O secretário de Segurança Pública do Rio de Janeiro, José Mariano Beltrame, atribuiu as reclamações de abuso policial feitas pelos moradores à ausência do Estado nessas regiões nos últimos quarenta anos. Beltrame disse que a corrupção policial e seus excessos continuarão a ser combatidos com punições. “Essas questões são ajustes que serão feitos ao longo do processo. Não existia ali a convivência entre moradores e policiais, agora essa convivência passou a existir”.

A coordenadora do Núcleo de Pesquisa do Centro de Justiça e Sociedade da FGV e responsável pelo estudo, Luci Oliveira, declarou ser fundamental para a sociedade compreender como as pessoas, das comunidades analisadas, vivenciam a prática da cidadania e não solucionam problemas por meio das instituições jurídicas. “A partir do momento em que a segurança é devolvida às comunidades, elas passam a resignificar a metáfora da cidade partida, que é utilizada há bastante tempo, com a separação entre o asfalto e a favela. Elas passam a ter mais acesso aos serviços públicos entre os quais está o da Justiça”, disse.

A pesquisadora declarou ainda que a implantação da UPP requer um processo de compartilhamento de aprendizados de novas regras por parte dos moradores e da polícia. Para Luci Oliveira, as reclamações com relação ao policiamento tendem a diminuir quando a confiança fica estabelecida entre as partes.

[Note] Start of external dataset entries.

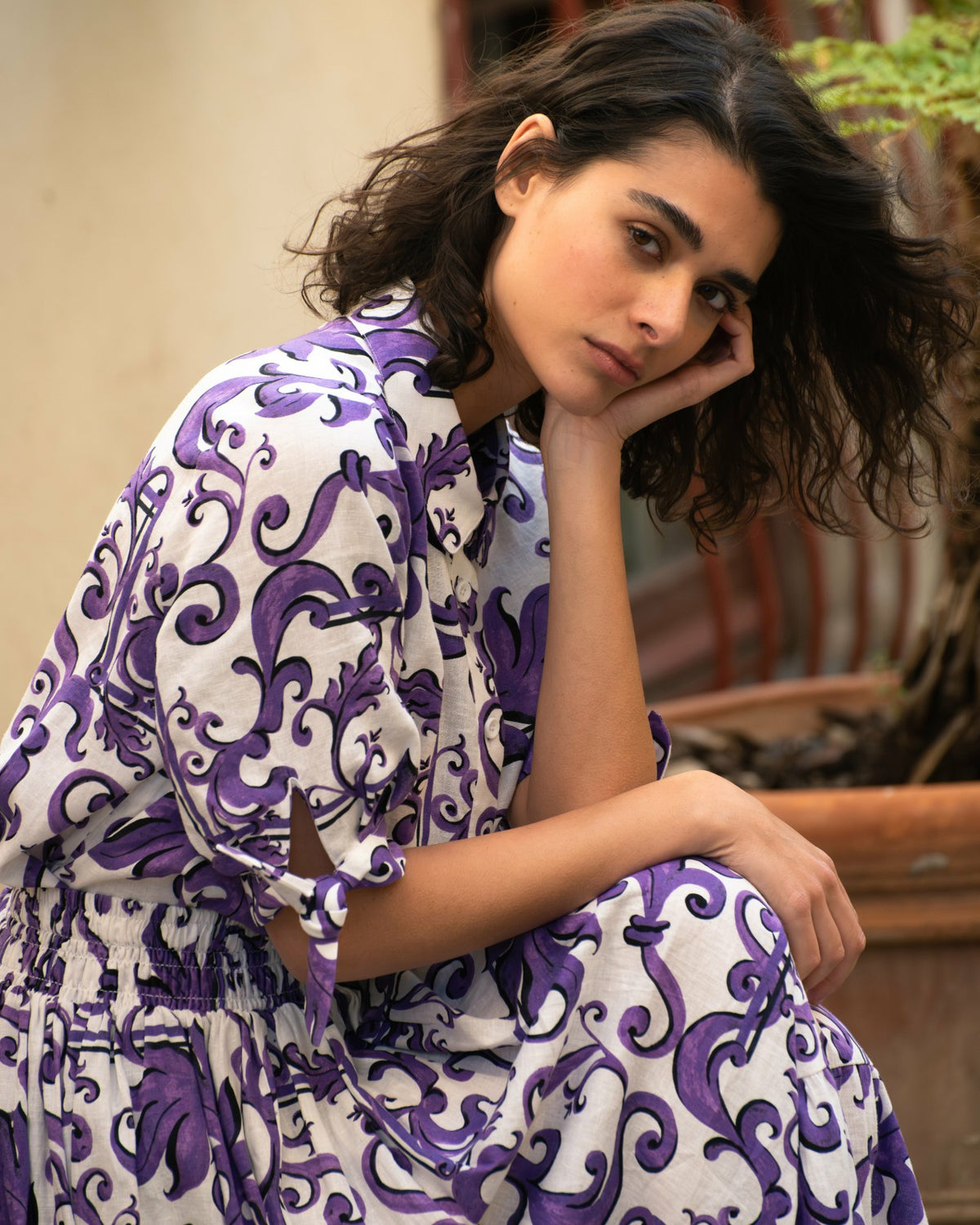 Luisa Short Sleeve Linen Blend Shirt - Purple Majolica Print | Universal Standard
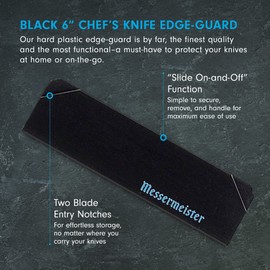 Messermeister 6” Chef’s Edge-Guard, Black - Fashionable & Functional Safety Accessory for Chef’s & Wide-Blade Knives - 2 Blade Entry Notches - 6.5” x 1.9375”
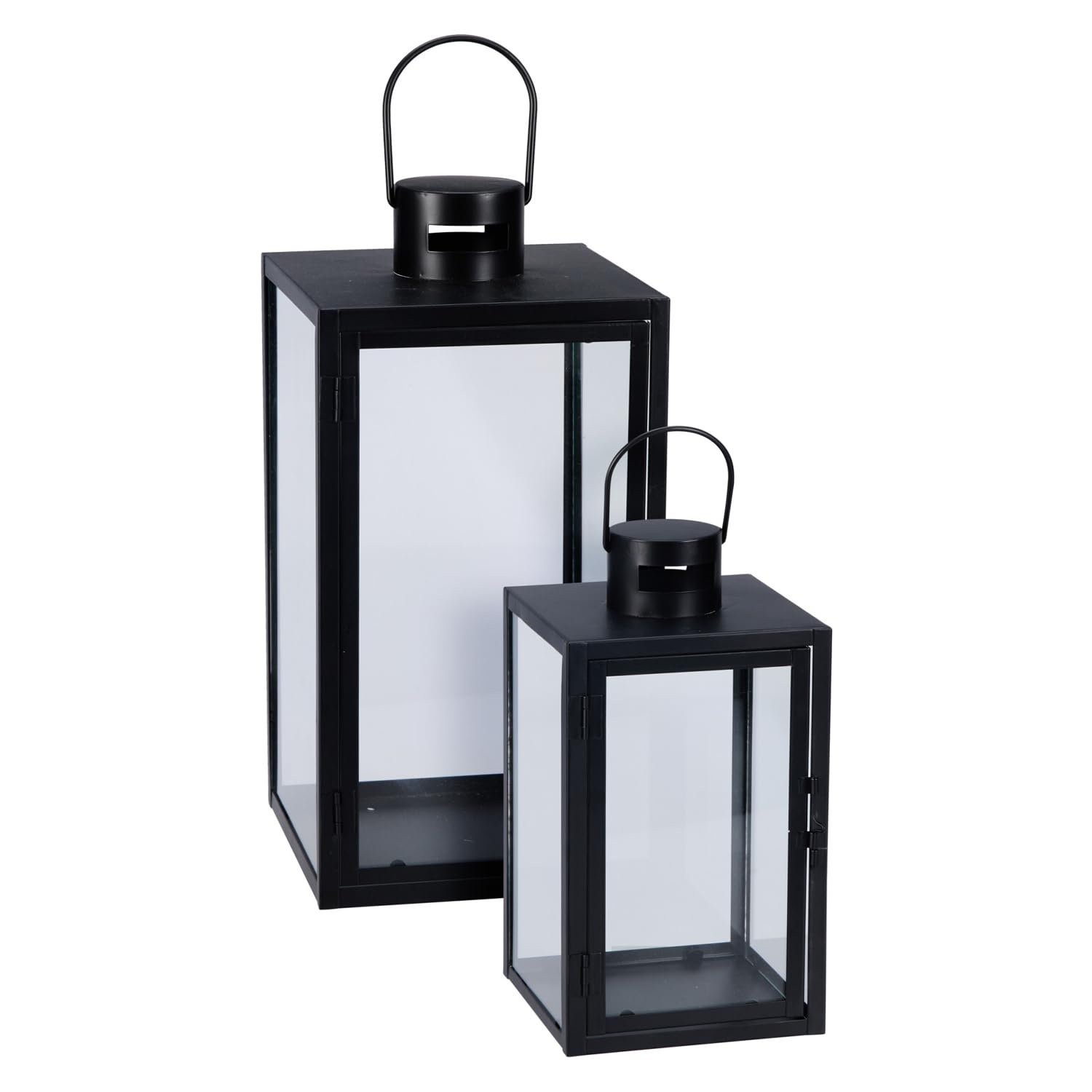 2er XXL Set Gartenlaterne Windlicht Laterne Laternen Metalllaterne Set Dekoration Außen Metall Schwarz ca. H30/41cm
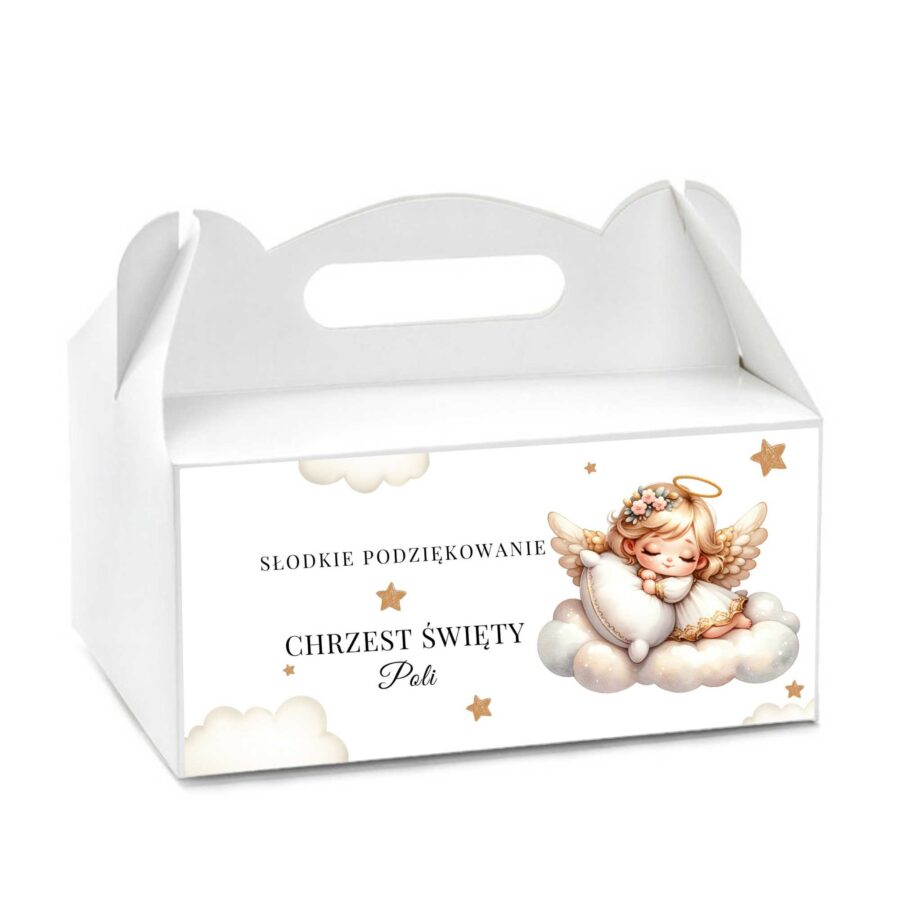 PUDEŁKO NA CIASTO NA CHRZEST ŚWIĘTY Z IMIENIEM C005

A líder comunitária do Complexo do Alemão, Lúcia Cabral, ressaltou que a comunidade não deseja ser vista como um lugar de fiscalização e sim pela execução de direitos. Ela disse que os moradores estão sensíveis em função da mudança de um poder bélico do tráfico para o lícito, sem investimentos sociais. “Você vê hoje o Exército na comunidade. Mas cadê o social? O social está presente no entorno ao Complexo do Alemão, e se você adentra no interior, presencia o seu total abandono”.

A socióloga Julita Lembruger, que também participou da pesquisa, disse que as UPPs podem obter mais sucesso do que as experiências de policiamento comunitário anteriores. Isso ocorrerá, de acordo com ela, desde que sejam feitas mudanças como o combate à corrupção policial e o fim de incursões policiais violentas e prejudiciais aos moradores.

“Há uma melhora a medida em que as UPPs vão se consolidando nessa ou naquela região. Evidentemente que, em alguns momentos, ocorram problemas pontuais. Não vamos nos iludir, acho ingenuidade acreditar que as unidades resolveram todos os problemas de segurança pública no Rio de Janeiro ou mudaram a polícia do estado. A polícia do Rio é historicamente corrupta e violenta”, declarou.